| The burden of democracy
On December 21, 2005, the Lok Sabha hastily passed the 104th Constitution Amendment Act 2005, introducing a new clause into Article 15 to allow for reservations for schedule castes and scheduled tribes as well as other backward classes in private unaided educational institutions. Barring the Bharatiya Janata Party, which walked out on the exemption of minority institutions to provide reservations, this amendment secured support from all other political parties. The president finally gave assent to the amendment on January 20, 2006 after the prime minister satisfied him on several queries that he had raised.

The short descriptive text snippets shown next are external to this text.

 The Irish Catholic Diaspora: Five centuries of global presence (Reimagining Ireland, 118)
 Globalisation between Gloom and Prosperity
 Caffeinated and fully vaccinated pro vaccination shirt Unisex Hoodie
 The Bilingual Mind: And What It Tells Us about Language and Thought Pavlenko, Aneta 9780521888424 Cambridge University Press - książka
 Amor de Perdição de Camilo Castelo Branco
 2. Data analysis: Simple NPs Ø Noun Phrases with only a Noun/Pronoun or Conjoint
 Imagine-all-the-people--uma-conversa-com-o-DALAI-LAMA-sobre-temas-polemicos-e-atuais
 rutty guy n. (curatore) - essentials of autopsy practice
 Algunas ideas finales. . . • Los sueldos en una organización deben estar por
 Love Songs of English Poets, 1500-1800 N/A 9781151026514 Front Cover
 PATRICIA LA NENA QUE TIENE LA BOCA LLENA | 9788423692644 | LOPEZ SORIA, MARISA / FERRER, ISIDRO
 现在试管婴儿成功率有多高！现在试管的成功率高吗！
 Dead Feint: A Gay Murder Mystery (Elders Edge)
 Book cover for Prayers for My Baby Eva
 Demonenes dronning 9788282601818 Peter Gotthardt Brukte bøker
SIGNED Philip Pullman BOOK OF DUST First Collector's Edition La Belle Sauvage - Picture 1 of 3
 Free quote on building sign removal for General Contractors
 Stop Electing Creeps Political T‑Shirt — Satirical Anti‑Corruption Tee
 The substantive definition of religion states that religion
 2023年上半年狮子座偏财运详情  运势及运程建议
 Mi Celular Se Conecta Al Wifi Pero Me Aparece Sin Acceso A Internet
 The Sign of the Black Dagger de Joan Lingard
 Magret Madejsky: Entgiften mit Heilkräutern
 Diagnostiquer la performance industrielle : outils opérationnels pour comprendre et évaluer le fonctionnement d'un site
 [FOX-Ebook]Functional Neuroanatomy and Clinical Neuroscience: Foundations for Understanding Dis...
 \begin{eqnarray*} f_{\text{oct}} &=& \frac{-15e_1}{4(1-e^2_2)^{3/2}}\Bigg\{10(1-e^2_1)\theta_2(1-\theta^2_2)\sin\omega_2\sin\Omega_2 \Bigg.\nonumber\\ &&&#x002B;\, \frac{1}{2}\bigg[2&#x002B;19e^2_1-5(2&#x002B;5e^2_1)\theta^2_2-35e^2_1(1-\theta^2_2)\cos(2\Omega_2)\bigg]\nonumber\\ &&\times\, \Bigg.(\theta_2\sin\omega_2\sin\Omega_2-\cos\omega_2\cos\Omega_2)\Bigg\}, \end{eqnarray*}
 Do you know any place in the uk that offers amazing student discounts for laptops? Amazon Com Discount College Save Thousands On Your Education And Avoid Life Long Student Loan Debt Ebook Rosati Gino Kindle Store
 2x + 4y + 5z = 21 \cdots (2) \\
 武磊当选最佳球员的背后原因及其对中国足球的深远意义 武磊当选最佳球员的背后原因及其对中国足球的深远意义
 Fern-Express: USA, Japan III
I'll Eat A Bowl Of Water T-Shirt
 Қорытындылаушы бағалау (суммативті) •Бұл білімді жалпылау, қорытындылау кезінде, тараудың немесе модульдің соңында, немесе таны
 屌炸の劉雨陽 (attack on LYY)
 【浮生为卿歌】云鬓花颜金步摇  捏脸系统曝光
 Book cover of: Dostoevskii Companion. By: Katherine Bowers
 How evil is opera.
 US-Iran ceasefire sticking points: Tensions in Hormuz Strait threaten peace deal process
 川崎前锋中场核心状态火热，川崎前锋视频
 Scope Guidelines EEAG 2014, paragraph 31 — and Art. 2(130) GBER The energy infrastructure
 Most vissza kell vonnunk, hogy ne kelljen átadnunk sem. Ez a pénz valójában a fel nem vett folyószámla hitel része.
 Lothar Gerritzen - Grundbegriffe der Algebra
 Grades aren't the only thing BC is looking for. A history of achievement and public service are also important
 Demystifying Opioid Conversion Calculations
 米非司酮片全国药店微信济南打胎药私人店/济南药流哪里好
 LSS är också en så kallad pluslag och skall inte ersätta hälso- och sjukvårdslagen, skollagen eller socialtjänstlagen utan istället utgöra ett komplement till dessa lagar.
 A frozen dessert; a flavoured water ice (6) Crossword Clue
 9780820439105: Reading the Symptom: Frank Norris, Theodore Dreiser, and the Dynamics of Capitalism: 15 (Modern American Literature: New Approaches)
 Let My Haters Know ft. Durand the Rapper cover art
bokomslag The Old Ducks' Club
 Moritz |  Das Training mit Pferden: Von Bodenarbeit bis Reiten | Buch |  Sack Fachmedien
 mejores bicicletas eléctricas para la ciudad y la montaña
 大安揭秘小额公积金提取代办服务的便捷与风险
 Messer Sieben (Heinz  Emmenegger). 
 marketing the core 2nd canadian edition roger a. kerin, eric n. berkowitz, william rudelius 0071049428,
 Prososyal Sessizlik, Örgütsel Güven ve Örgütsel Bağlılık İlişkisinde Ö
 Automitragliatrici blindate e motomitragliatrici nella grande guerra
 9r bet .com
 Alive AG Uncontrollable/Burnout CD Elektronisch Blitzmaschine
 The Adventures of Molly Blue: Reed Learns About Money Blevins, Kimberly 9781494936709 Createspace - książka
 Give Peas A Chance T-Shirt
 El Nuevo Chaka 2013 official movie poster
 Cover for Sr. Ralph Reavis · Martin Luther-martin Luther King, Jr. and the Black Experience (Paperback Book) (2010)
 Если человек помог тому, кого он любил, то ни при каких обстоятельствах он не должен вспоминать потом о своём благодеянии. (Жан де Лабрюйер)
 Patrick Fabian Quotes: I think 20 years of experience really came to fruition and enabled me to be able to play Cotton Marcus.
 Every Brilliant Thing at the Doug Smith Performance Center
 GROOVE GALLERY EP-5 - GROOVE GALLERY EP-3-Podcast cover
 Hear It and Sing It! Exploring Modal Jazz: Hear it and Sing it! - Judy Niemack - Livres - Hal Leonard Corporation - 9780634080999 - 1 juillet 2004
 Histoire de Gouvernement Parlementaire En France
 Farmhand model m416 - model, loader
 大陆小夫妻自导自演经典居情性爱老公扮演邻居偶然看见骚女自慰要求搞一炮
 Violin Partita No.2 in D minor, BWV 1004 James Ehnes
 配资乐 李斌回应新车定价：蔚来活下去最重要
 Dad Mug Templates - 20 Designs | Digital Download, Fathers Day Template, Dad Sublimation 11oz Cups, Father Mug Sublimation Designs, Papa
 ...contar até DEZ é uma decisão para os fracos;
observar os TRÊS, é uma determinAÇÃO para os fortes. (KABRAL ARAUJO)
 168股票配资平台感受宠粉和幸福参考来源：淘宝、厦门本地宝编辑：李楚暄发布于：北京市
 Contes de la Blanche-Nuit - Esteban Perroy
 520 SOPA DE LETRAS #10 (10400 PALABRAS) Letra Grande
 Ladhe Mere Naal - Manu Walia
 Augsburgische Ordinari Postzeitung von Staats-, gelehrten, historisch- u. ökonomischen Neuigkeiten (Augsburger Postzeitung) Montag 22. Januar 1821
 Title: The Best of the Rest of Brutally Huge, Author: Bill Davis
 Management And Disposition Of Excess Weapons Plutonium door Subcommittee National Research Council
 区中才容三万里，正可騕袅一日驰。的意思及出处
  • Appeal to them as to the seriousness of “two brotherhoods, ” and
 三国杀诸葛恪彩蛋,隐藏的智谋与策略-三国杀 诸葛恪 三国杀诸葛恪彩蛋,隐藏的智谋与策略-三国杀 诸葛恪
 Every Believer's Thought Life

This amendment will significantly alter reservations in educational institutions in at least three ways. First, it applies to primary, secondary and tertiary education, whereas presently reservation is mostly confined to the tertiary sector. Secondly, it extends reservation to OBCs over and above the existing practice of reservation for SCs and STs. Finally, and most significantly, it provides for reservation in non-minority private institutions which were exempted from this obligation by the apex court earlier this year in the Inamdar case.
The Indian Supreme Court and high courts enjoy an exceptional power of judicial review of constitutional amendments under the basic structure doctrine, and there is little doubt that in the weeks to come the courts will contend with the argument that this constitutional amendment fails basic structure review. No doubt, many strong normative and policy arguments can be made against this amendment. This article, however, tries to assess the constitutional question by exploring how the courts should assess the reservation amendment's constitutional validity under the basic structure doctrine.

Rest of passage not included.